Thursday, February 3, 2011

Samsung 2 TB HD204UI Firmware Bug,

The Samsung 2 TB SATA Drive, Model HD204UI, Firmware version 1AQ10001, has a nasty bug which causes data corruption if an Identity command issued while the drive is buzy writing with queued requests via NCQ. Smartctl, hdparm, and any number of utilities can issue an Identity request to the drive. I noticed it because I've got smartd (part of the smartmontools package) running in the background to periodically do smart health checks of the drives on my servers.

Samsung appears to be handling this incredibly badly, yet the drives still receives very high reviews.
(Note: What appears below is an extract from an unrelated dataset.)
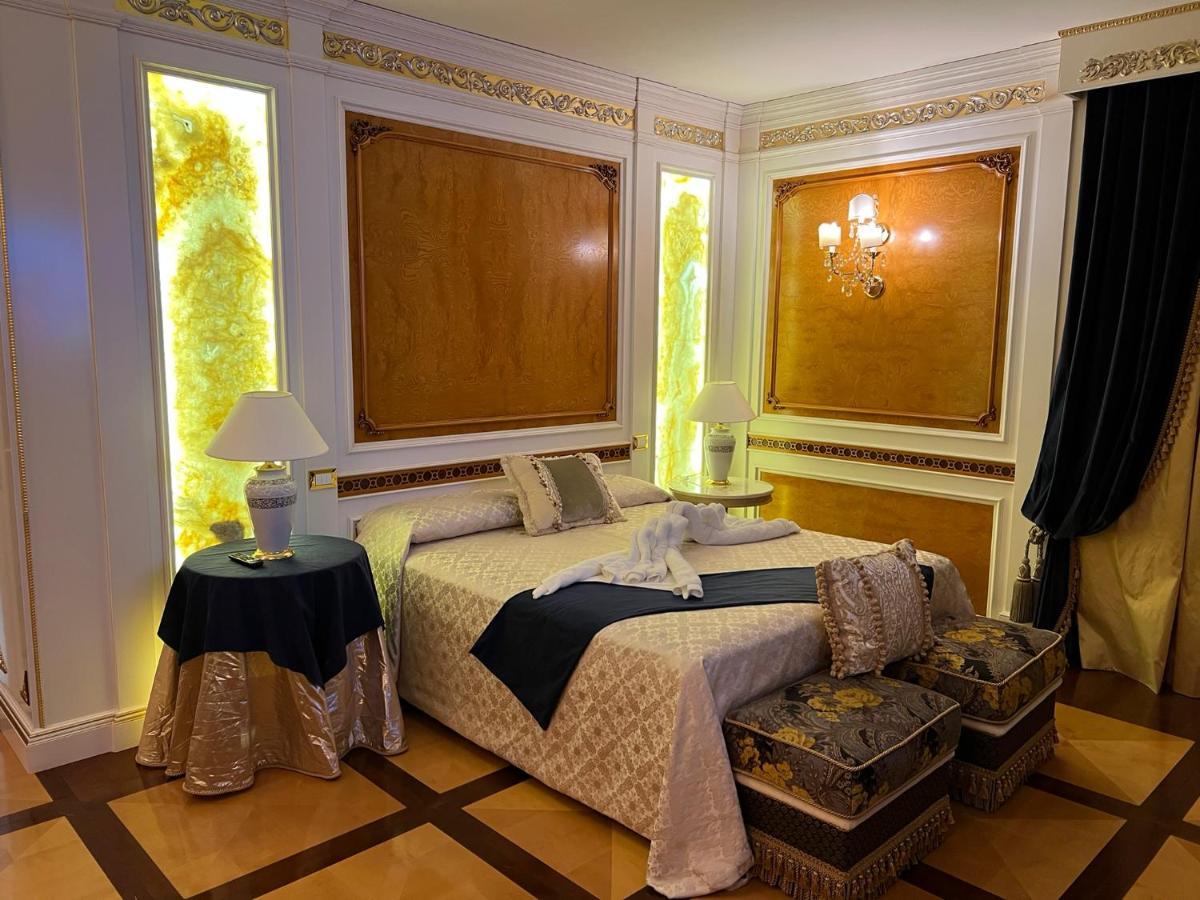 Hotel Villa Pigalle Тецце-суль-Брента Экстерьер фото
1. This error is easy to reproduce, I'm really surprised it wasn't caught earlier.

2. New drives as of Dec 2010 are still shipping with the broken firmware.

3. The updated firmware doesn't have a new version number. Let me say that again, They didn't bother to update version number so you can tell if you need to do a firmware update. This also means you can't easily tell if you've successfully updated the drive's firmware. Seriously, as far as I can tell, there is no way to tell a good drive from a bad one.

4. Finding the firmware update on their site is difficult. It is listed in an FAQ entry as "Q. Patch tool for Identify fail during NCQ write command.(Model: F4EG". That's clear as mud isn't it? At least the answer to the question in the FAQ is a little bit clearer "If identify commmand is issued from host during NCQ write command in the condition of PC, write condition is unstable. So It can make the loss of written data."

5. The firmware update is only found on that FAQ page, yet, there is no version number, no date, or any way of knowing if you are downloading the most up-to-date or correct firmware update.

6. The update is in the form of a DOS .exe file. You need a system you can boot DOS to update the firmware.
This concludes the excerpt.